正直闇クランとかなんだとか訳がわからないがままだが……この人と一緒にいれば日々の不安を吹っ飛ばすぐらいに刺激的なゲームになる。それだけで俺からしたら十分だった。
「はは……いいですよ。入ります、その闇クランとやら」
「本当!? なら歓迎するよ、私達のクラン『戯人衆』にようこそ! って、言っても今君と私含めても4人しかメンバー居ないけどね」
「え、クランって開設に最低員数6人とかいるんじゃ……」
「一度作った後だとそれに下回っていいみたいだよ。更新のための最低維持費とかは変わらないからやる人まず居ないけど」
クランを存続させるには必ず最低維持費というものが掛かる。特権の対価という側面を持ち、無差別な乱立によるサーバーへの負荷を防ぐための処置でもある。維持費に関しては他にも色々があるらしいが……そこはうちにはあんま関係ないみたいだから割愛して。

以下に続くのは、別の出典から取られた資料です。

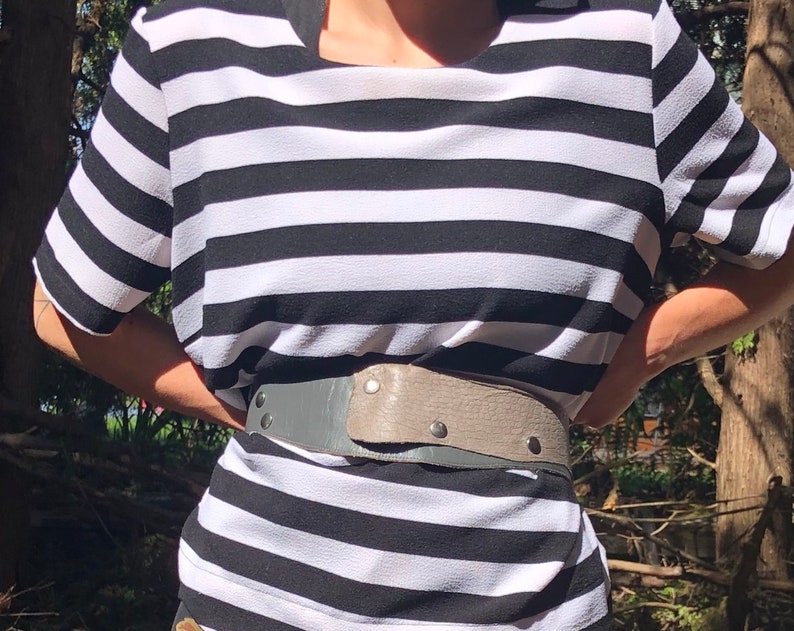 Vintage Grey Leather Woman/'s Belt Large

普通ならこの週に一度出す最低維持費は6人があっても出すのが辛い値段で、普通4人……いや、元々の3人という人員で出せるものではない。
でもクランマスターたるヘンダーさん曰く「え、そんなの私ひとりで余裕で出せるよ? めっちゃゲーム先行してるから」とのこと。何とも頼もしいやら呆れるやらだ。

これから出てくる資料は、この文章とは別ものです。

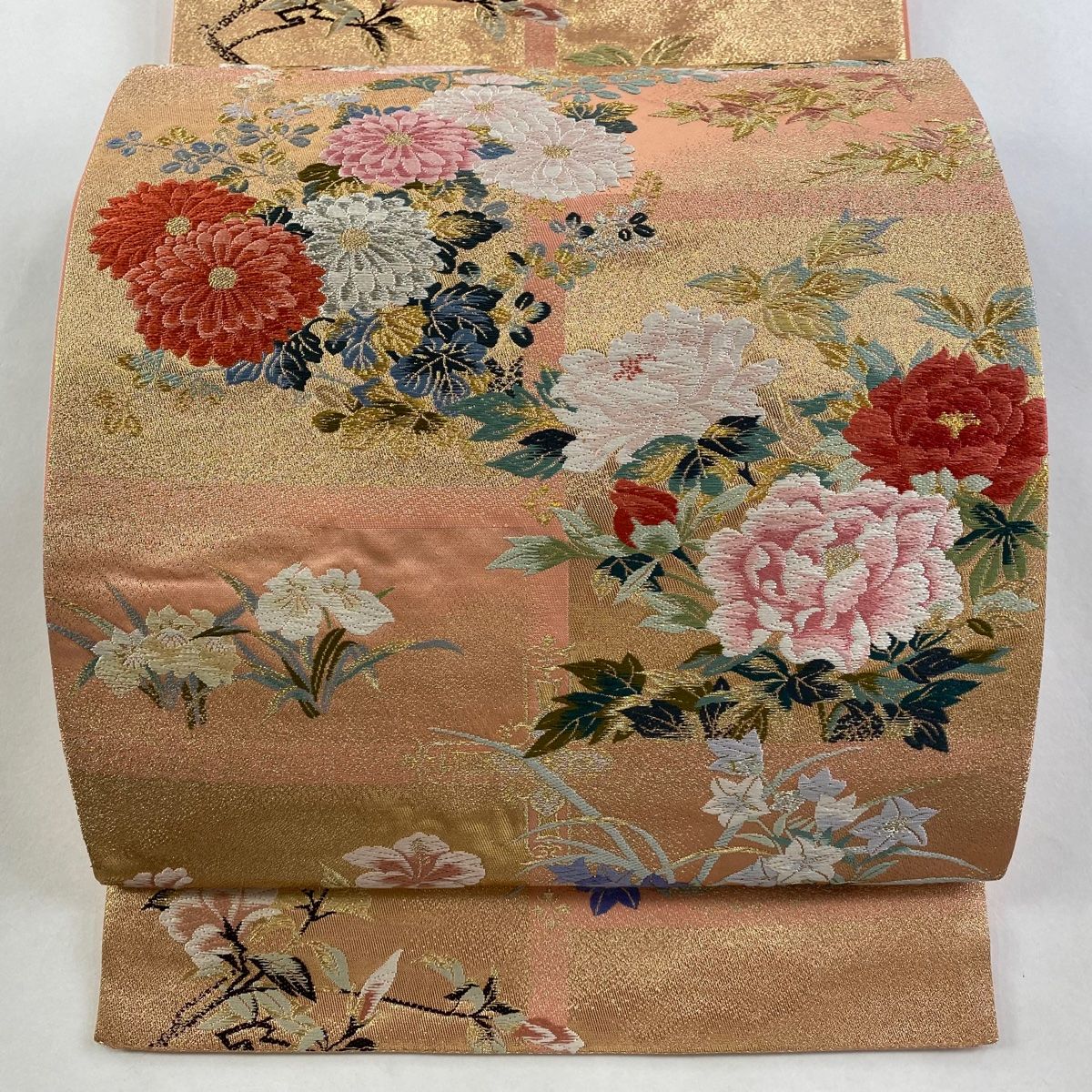 袋帯 秀品 草花 唐織 金糸 サーモンピンク 六通 正絹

「……よし、これでクラン登録完了っと。で、さ……次はどんなダンジョンを作る予定なんだい。君も資金はあるんだし当然何か新しいのを作るんだよね。色々と協力するから出来れば私にも一枚噛ませて欲しいんだけど!」
「どんなダンジョン、ですか」
ここで勧誘したのはそれが本音かと思いながら考える。
そうだよな。
攻略レースは俺の勝ちで終わった。今の俺は前とは比べ物ならない莫大な資金と一時的ダンジョン封鎖という準備期間を勝ち取っている。
こんなに余裕があるとなると何をするべきか悩むな。
ダンジョンを持って大きくするのは当然として、やっぱり色んなフィールドを追加したい。
海なんてどうだろ。海面やそれこそ海中に広がるダンジョンとかきっと見るだけで楽しい。それだけでなく火山とか雪原の特殊なフィールドはダンジョンの花だ。

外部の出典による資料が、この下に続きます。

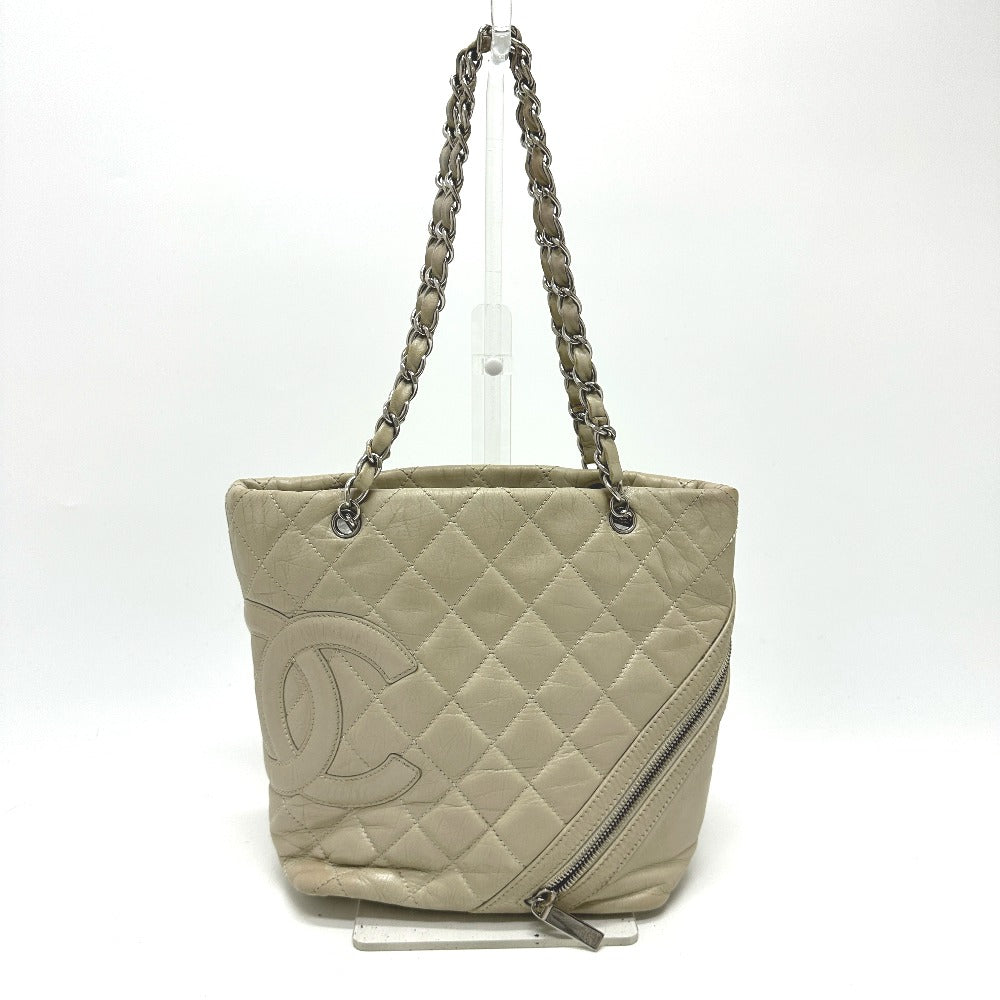 CHANEL Shoulder Bag A34317 leather white Cambon Line Cotton Club CC COCO Mark Women Used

城も捨てがたいな。ダンジョンと言えば罠が盛り沢山の居城もまた王道だ。ラスダンの演出をする時はこれは欠かせない
でもやっぱり一番したいのは……空島だ! 空に浮かぶダンジョンとか絶対にテンション上がる。やっぱ何と言っても空島は男の子のロマンが詰まっていたからな。
フィールドだけでなく新しいモンスター、ギミック、罠なども考えないと。
まだそれらをどうすれば実現出来るかは分からないが……それを含めてワクワクとして自分が居る。
「やばいです! なんか急にそう言われると色々と浮かんで決められないんですけど!」
「あはは、それはいいことで。じゃ何か決まったらいつでも遠慮なくこの先輩を頼ってよ後輩くん。出来るだけ支援するからさ。それじゃ今日はこれで帰るとするよ」
「え、あ、はい……でもいいんですか。他のクランメンバーの人たちに挨拶とか」
「ああ、それなら大丈夫。さっきの一部始終ライブしてたから。降参した辺りからは切ってたけど……まぁあのふたりも見てるだろうしそれが紹介代わりなるよ」
「…………え?」
ヘンダーさんのその日最大の爆弾を投げ込まれた俺は一時フリーズし……
「ええええぇぇぇ――――ッ!?」
……その日最大の絶叫を上げたのであった。